Physical recreation received further endorsement from major contemporary figures. We have seen in a previous chapter how Charles Kingsley imparted a spiritual gloss to sport and bodily exercise. His emphasis upon their necessary practice as a duty to one's country became more insistent after his conversion to Darwinism (an ideology whose popularity increased the general concern over national health). Another Darwinian, Herbert Spencer, maintained that ‘the contests of commerce are in part determined by the bodily endurance of the producers.’ (11)

Under the influence of such teachings sport became a medium for training the young to meet with the diverse challenges of a naturally harsh and competitive world — ‘Games’, declared the physician to Rugby School, produce a just ambition to excel in every phase of the battle of life.’ (12) The language of games became the language of adventure and the highest endeavour, designed to sustain the young under fire, whether from fast bowlers or insurgent tribesmen.
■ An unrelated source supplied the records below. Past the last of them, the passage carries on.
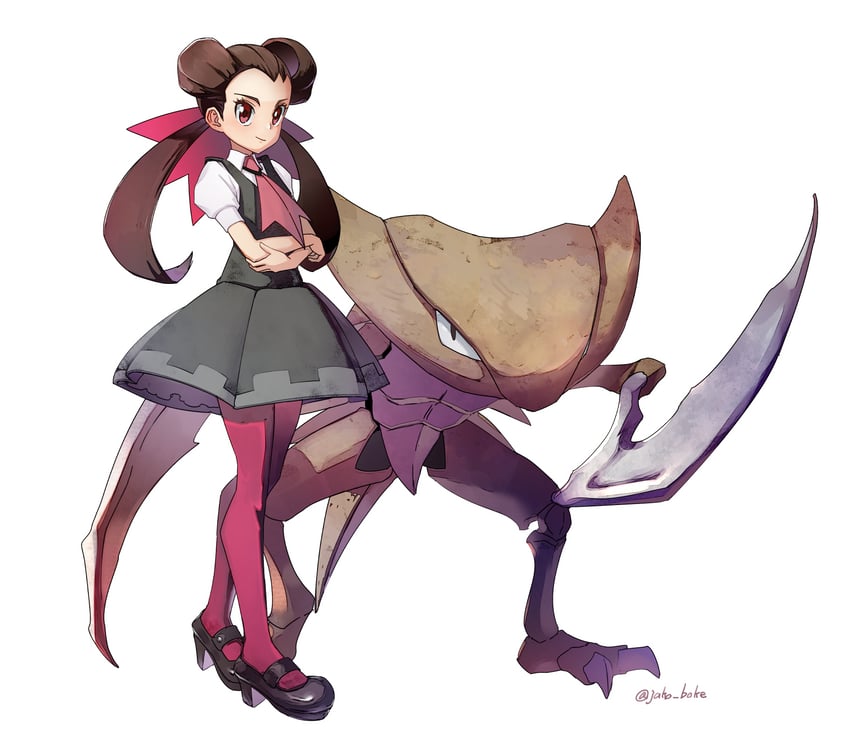 roxanne and kabutops (pokemon and 1 more) drawn by jako_(boke_poke)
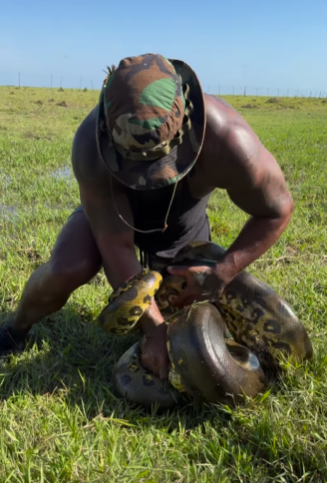 Man Grabs Live Anaconda With Bare Hands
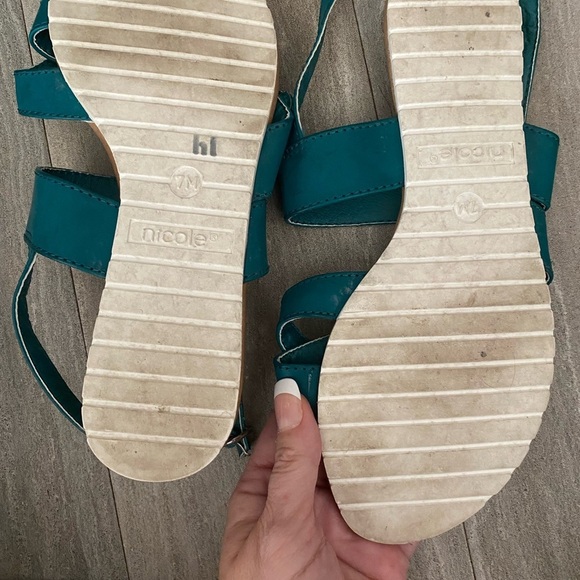 Nicole teal blue green sandals shoes size 7 - Picture 4 of 6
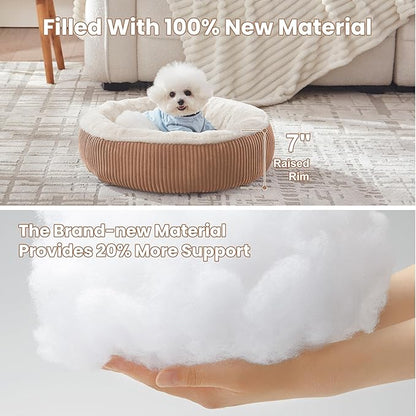23 inches Donut Dog Bed for Small Dogs - Calming Round Puppy Bed with Removable &Washable Cover, Plush Faux Fur & Corduroy Pet Bed for Cats, Fits Pets up to 15 lbs(Brown,Small)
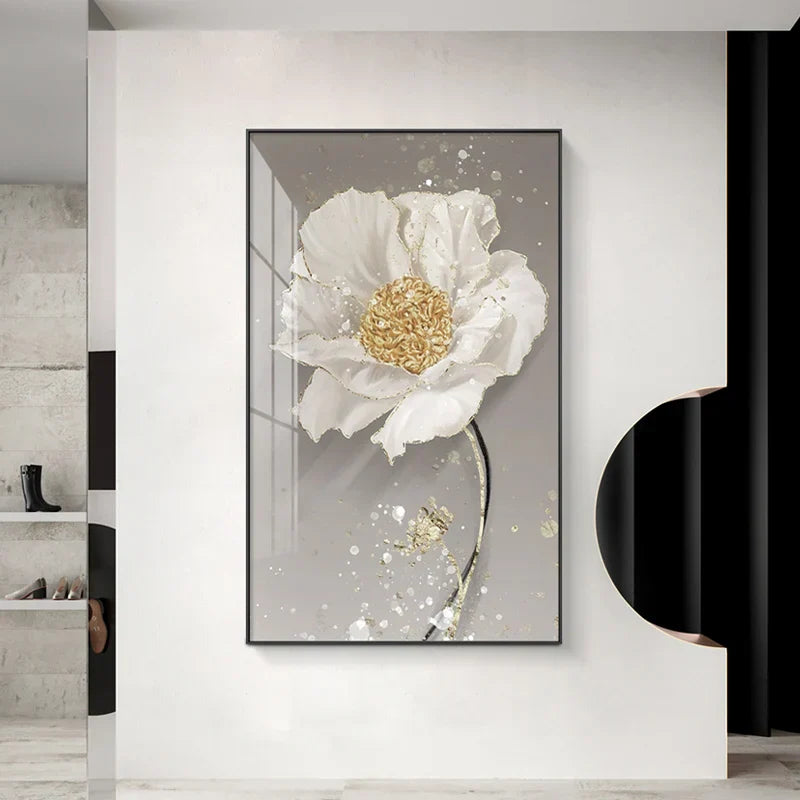 Modern Abstract Painting Splash Flowers Wall Art Fine Art Canvas Prints Posters Elegant Botanical Pictures For Living Room Decor | Skanto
A Scottish divine expressed his delight at a youthful game of cricket in the following terms: (13)

How I love to mark the quick, watchful glance of the eye as the ball comes speeding on which will decide for ‘our Club’ the honour of the day, and to mark on the faces of those who go out, the look which was on that of Fran's I as he wrote to his mother after the battle of Pavia, ‘Tout est perdu hormis l'honneur.’